この世界が輝きわたる詩のプリズムを探しつづける。

『100,000年後の安全』(マイケル・マドソン)

Image1458 先日見た、フィンランドの高レベル放射性廃棄物の地層処分場建設のドキュメンタリー。
マイケル・マドセン監督(デンマーク)が2009年に制作しましたが、
まさに今、この日本で見る者がもっともタイムリーな戦慄を覚える映画ではないでしょうか。

ヘルシンキから北西へ240kmにあるオンカロ(ONKALO)(フィンランド語で「洞窟、空洞、穴、渓谷」という意味)は、現在建設中の使用済み核燃料処分場。
つまり、日本でいえば六ヶ所村のようなものです。しかし六カ所村には低レベルと高レベル双方の埋蔵・貯蔵施設がありますが、オンカロは高レベルのみ。なぜかといえば、フィンランドでは使用済み核燃料を再処理しないから。日本は再処理するから、その過程で低レベルで色々汚染された廃棄物がでるわけです。
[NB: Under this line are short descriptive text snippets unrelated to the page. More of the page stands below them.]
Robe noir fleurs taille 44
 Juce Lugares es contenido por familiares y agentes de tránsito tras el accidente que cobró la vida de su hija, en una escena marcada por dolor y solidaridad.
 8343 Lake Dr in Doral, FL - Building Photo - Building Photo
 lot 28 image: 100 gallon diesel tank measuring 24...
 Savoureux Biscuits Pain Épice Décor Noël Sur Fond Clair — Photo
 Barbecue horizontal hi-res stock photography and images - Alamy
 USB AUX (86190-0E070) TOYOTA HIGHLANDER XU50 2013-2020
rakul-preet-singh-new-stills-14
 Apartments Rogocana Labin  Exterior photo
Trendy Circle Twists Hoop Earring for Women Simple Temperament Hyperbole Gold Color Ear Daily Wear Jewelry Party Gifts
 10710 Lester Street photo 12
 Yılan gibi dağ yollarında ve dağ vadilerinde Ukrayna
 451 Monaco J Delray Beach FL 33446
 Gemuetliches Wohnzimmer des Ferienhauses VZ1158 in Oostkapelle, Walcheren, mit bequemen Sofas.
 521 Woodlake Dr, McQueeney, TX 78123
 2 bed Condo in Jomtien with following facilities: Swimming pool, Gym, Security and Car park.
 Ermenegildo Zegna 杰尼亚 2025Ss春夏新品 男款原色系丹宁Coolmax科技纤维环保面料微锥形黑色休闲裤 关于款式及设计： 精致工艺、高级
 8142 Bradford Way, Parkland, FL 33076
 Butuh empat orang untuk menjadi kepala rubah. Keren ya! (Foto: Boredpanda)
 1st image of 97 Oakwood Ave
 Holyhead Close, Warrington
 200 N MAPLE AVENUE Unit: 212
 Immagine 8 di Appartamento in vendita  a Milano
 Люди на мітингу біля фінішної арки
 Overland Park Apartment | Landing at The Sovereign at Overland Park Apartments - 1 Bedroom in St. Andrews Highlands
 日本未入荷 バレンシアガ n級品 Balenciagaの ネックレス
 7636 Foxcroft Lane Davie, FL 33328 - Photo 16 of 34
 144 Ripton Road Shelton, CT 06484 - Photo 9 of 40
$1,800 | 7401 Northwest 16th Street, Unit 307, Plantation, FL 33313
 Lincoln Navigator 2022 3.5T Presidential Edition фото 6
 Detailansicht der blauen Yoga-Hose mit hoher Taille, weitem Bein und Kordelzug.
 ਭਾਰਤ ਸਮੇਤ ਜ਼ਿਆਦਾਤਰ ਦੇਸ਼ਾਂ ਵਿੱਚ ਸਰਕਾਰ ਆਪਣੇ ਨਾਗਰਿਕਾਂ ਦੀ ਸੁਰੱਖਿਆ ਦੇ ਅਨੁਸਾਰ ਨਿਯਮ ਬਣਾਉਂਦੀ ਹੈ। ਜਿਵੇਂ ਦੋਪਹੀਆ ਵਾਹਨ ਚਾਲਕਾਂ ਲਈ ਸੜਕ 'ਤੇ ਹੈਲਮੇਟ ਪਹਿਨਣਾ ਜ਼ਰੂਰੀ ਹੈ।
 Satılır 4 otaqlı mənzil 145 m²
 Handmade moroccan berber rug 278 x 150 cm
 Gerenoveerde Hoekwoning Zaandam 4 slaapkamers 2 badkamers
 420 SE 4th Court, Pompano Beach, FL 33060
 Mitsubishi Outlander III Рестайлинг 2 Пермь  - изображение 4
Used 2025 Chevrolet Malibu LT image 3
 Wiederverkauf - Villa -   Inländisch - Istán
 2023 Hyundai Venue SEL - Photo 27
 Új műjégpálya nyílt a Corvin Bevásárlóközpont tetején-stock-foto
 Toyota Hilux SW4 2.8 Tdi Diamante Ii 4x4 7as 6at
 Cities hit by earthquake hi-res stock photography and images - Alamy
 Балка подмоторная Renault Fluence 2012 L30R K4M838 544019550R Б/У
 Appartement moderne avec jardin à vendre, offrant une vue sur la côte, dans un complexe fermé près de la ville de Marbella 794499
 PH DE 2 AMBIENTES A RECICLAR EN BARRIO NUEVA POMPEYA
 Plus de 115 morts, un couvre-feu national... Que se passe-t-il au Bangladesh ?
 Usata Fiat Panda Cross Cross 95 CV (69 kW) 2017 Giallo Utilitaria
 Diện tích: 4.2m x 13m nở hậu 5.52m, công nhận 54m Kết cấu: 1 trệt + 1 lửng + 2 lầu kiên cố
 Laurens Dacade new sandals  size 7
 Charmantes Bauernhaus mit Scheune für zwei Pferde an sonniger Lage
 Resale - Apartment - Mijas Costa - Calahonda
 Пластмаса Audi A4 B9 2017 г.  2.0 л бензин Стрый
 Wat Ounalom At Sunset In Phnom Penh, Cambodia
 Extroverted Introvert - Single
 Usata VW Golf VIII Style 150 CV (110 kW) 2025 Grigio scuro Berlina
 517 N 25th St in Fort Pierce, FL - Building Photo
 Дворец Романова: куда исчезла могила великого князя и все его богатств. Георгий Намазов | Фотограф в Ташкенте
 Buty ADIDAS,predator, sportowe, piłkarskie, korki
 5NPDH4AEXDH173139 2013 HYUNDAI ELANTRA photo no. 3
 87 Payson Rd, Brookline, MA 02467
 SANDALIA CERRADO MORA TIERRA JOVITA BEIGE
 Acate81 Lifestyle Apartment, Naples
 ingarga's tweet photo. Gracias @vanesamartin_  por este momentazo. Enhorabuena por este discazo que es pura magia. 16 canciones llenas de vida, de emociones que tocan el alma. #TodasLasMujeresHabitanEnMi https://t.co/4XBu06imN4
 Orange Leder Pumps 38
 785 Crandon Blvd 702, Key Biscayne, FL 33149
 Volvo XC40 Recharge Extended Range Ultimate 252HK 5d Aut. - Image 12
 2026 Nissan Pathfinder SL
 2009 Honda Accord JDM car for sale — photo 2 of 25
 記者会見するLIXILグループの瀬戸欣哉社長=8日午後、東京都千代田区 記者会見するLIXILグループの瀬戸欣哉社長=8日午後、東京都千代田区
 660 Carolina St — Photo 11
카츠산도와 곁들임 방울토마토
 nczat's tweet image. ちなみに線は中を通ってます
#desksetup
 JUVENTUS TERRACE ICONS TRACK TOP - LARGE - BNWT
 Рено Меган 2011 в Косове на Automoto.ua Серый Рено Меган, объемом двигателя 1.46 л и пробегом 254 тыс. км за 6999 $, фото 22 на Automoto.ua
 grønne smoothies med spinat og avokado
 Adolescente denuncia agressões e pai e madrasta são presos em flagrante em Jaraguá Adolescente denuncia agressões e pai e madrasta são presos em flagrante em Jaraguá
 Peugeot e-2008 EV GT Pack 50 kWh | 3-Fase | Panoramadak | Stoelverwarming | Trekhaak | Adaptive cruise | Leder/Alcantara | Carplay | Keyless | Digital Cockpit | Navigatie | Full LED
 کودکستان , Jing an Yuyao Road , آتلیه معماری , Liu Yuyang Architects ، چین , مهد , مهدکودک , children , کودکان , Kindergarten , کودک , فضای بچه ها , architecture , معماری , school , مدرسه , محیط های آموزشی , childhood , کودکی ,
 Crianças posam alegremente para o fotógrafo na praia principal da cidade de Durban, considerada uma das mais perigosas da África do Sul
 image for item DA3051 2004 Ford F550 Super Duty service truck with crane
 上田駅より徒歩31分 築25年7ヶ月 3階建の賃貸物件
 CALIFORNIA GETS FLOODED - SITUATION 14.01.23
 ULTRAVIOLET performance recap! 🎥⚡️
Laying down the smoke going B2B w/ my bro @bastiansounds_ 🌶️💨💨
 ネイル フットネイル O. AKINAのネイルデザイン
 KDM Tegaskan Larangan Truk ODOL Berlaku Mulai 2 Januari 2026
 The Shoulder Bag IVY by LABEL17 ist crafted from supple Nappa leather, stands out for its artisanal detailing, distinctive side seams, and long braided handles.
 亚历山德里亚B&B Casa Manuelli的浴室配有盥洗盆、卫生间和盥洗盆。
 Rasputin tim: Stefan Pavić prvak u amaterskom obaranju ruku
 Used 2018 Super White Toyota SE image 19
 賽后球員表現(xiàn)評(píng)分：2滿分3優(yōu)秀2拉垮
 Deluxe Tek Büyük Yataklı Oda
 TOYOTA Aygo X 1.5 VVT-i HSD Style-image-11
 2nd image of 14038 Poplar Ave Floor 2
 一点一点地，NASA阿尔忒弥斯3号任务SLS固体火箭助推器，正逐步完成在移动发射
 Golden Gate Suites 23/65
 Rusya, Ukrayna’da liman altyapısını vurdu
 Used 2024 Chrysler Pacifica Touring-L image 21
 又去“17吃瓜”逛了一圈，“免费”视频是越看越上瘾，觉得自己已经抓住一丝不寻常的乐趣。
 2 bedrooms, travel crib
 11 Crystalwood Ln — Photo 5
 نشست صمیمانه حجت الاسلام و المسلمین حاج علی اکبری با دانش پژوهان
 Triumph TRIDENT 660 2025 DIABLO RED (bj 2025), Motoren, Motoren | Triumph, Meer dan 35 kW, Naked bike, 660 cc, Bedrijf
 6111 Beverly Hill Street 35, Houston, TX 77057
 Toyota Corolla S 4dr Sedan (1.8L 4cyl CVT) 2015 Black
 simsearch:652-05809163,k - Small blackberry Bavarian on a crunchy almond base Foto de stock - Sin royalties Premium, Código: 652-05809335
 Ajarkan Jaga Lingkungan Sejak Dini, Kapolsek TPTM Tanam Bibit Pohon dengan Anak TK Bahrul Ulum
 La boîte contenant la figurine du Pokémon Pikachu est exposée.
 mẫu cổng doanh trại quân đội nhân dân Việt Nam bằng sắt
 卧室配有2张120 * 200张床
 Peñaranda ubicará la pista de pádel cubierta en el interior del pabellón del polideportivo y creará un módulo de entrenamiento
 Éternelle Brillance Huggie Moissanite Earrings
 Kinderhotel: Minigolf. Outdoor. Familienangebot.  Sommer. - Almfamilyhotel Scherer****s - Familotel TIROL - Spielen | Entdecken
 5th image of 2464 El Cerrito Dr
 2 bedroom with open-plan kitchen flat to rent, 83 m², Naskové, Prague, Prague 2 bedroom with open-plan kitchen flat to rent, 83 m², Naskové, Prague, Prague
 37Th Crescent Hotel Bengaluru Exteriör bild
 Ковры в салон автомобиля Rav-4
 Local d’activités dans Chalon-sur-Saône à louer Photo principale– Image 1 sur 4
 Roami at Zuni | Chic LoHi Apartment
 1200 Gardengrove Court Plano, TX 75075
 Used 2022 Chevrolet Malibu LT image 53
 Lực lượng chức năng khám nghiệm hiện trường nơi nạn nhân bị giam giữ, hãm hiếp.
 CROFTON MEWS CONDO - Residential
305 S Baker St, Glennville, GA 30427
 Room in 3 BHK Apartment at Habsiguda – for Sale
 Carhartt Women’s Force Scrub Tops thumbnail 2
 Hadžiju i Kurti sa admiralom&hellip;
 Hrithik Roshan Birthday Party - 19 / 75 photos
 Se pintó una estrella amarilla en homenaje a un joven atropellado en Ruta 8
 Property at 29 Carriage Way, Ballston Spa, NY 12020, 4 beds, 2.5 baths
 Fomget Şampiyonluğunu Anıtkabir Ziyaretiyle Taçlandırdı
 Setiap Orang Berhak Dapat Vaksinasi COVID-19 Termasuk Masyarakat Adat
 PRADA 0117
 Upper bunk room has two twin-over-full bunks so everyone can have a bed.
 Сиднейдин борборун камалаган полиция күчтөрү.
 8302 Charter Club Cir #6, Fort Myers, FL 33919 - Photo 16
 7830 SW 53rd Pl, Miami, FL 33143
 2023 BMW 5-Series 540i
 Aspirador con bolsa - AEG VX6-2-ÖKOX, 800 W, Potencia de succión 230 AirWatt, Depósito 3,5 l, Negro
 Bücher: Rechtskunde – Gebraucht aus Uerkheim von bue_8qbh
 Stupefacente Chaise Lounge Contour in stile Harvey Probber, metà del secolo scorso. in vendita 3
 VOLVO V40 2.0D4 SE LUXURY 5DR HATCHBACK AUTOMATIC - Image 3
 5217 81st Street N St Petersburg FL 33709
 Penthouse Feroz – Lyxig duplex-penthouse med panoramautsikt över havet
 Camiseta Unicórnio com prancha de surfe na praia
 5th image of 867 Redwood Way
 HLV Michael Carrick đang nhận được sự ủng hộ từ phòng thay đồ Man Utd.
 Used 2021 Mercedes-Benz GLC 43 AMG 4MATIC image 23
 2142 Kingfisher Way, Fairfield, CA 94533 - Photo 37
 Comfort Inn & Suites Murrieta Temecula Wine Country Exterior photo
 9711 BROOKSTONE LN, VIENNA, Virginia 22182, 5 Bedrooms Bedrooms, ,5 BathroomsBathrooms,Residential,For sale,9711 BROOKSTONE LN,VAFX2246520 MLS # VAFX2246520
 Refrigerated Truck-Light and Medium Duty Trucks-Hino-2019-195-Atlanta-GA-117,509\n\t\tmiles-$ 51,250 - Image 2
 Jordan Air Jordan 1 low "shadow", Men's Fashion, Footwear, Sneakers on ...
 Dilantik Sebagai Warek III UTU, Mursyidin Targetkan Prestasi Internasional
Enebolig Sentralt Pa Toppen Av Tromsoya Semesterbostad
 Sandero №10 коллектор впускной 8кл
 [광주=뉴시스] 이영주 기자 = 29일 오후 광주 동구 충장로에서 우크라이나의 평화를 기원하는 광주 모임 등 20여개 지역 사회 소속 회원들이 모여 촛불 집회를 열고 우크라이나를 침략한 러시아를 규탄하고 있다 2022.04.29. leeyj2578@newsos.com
マドソン監督はもともとサウンド・アーティストだったそうです。そのせいか、映像美を崇高な音楽がもりあげていて、まるでSF映画をみているようでした。

宇宙基地のような入口、地下深く続く暗い坑道、岩壁を掘削しつづける近未来の機械、施設の中の最先端の設備、使用済み核燃料棒をすでに閉じ込めている美しい青い水、カーテンの向こうに何万年の未来の前兆のように立ち込める発破の霧……

霧の立ちこめている場面で、これに似た映画をどこかで見たと思いました。
そうだ、アンドレイ・タルコフスキーの「ストーカー」。

場面の大方は忘れてしまいましたが、ストーリーは以下のようだったと思います。
ある地域で隕石が墜落?し、住民が多数犠牲になり、政府はそこを「ゾーン」と呼んで立ち入り禁止にした。
しかし、「ゾーン」には願いが叶うという「部屋」があったので、希望者を厳重な警備をかいくぐって「ゾーン」に案内する「ストーカー」と呼ばれる人々がいた。
あの映画のワンシーンに、砂地に何かを投げて「部屋」へと這っていく場面があった覚えがあるのですが、そのときにも砂埃があがったと思います。
そして「ストーカー」が制作されて何年かが経って、チェルノブイリの事故があったはず。とすれば、あれも原発による破壊の予感を表現していたのでしょうか?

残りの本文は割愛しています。